Una monarquía constitucional impuesta por la fuerza, mediante el apresamiento del rey, era más de lo que los monarcas europeos podían soportar. Los reyes de Austria y Prusia acudieron en auxilio de su primo francés (los reyes, entre ellos, se suelen llamar primos). Iban convencidos de que sería coser y cantar lo de atacar a una masa de desharrapados sin formación militar. Para gran sorpresa de todos, el ejército popular los contuvo.
Hasta entonces los ejércitos estaban formados por mercenarios, soldados de paga (la soldada). La Francia republicana impuso como obligación ciudadana el servicio militar obligatorio, el ejército patriótico, que mostró su valía frente a las tropas mercenarias, menos motivadas, de sus oponentes.
Cuando se sintieron atacados por las potencias extranjeras, los revolucionarios franceses radicalizaron su postura: declararon traidores al rey y a la reina y los guillotinaron. La guillotina, el utilísimo invento del doctor Guillotin, comenzó a funcionar en la plaza pública para los enemigos de la república (o sea, clero y aristocracia).
El poder pasó a manos de la Convención integrada por la baja burguesía o partido jacobino, aliada con el pueblo bajo (los sans culottes o «sin bragas», la gente más humilde, los que no tenían nada que perder). Nuevos líderes populares, Danton, Robespierre, Marat y Saint Just…, se auparon al pescante del Estado y tomaron en sus manos las riendas de Francia. Los todavía partidarios de pactar con la aristocracia (el partido girondino) vieron rodar sus cabezas bajo el invento del doctor Guillotin. Es la etapa que se conoce como «el terror», en la que los revolucionarios, sintiéndose amenazados, sin duda se excedieron en la aplicación de la pena de muerte.
Los jacobinos podían decapitar a media Francia, pero el pueblo seguía tan hambriento como cuando gobernaba la aristocracia. Aprovechando el descontento, la alta burguesía recuperó el gobierno mediante un golpe de Estado (julio de 1794) y creó un Directorio militar que guillotinó a los líderes de la Convención.

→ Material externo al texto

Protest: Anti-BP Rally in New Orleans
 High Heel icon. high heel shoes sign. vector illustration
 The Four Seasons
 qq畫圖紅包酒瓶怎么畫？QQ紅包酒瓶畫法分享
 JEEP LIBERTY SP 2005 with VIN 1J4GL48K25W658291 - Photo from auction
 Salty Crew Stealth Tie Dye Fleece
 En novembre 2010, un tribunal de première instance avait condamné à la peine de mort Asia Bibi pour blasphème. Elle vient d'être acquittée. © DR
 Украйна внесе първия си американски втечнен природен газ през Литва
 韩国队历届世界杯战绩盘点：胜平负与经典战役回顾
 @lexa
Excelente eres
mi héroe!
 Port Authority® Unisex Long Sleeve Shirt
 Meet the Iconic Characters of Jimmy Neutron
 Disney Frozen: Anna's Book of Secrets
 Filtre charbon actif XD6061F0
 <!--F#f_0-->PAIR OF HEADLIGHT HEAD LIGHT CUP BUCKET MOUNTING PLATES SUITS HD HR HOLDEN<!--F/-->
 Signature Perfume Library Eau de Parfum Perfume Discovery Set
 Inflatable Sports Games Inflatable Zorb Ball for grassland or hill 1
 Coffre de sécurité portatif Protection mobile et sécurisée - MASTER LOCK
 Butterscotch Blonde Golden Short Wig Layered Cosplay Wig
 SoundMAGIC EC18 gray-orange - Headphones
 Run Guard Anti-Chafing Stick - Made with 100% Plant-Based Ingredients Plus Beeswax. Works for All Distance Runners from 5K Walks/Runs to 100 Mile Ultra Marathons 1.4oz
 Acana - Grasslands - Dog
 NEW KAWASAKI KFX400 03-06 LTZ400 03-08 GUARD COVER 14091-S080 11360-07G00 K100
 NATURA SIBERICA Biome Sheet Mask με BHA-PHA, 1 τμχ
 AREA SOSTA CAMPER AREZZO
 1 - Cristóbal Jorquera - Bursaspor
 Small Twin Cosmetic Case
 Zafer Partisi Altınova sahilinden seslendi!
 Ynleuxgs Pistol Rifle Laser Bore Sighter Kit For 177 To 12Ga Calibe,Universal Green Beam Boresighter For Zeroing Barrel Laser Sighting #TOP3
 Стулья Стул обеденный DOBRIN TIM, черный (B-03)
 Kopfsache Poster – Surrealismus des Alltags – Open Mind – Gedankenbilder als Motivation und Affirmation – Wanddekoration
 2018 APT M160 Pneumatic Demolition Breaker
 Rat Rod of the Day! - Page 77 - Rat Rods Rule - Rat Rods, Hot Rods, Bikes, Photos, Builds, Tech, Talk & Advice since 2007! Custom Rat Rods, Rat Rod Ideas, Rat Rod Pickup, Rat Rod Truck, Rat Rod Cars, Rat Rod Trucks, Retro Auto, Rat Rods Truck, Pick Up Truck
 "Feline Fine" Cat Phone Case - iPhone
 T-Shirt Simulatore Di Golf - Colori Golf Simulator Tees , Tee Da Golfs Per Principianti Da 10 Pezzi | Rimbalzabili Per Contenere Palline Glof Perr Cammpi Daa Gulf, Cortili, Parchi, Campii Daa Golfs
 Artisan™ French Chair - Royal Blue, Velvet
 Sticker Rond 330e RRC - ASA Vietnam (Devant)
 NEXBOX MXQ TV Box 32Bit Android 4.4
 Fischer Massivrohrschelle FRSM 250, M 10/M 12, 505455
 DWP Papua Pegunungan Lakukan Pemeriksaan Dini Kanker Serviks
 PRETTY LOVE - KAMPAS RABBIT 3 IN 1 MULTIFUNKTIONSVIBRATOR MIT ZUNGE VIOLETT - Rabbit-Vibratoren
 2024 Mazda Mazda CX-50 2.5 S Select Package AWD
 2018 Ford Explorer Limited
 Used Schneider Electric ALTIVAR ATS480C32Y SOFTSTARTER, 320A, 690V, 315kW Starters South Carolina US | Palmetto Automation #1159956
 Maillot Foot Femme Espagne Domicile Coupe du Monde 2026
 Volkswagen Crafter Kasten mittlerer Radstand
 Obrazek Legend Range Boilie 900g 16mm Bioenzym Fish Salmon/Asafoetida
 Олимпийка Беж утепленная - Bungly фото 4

La Ilustración, bendita sea, deslindó religión y Estado y terminó con la confabulación secular del Altar y el Trono. A partir de entonces, libre de las trabas de la religión, creció la sociedad laica, libre, que hoy caracteriza a los países occidentales y les ha permitido evolucionar. Por el contrario, el islam involuciona porque le falta deslindar religión de Estado. Esa permanente intromisión de las leyes religiosas (sharia) en las civiles impide el desarrollo de la sociedad y coarta al individuo.[406]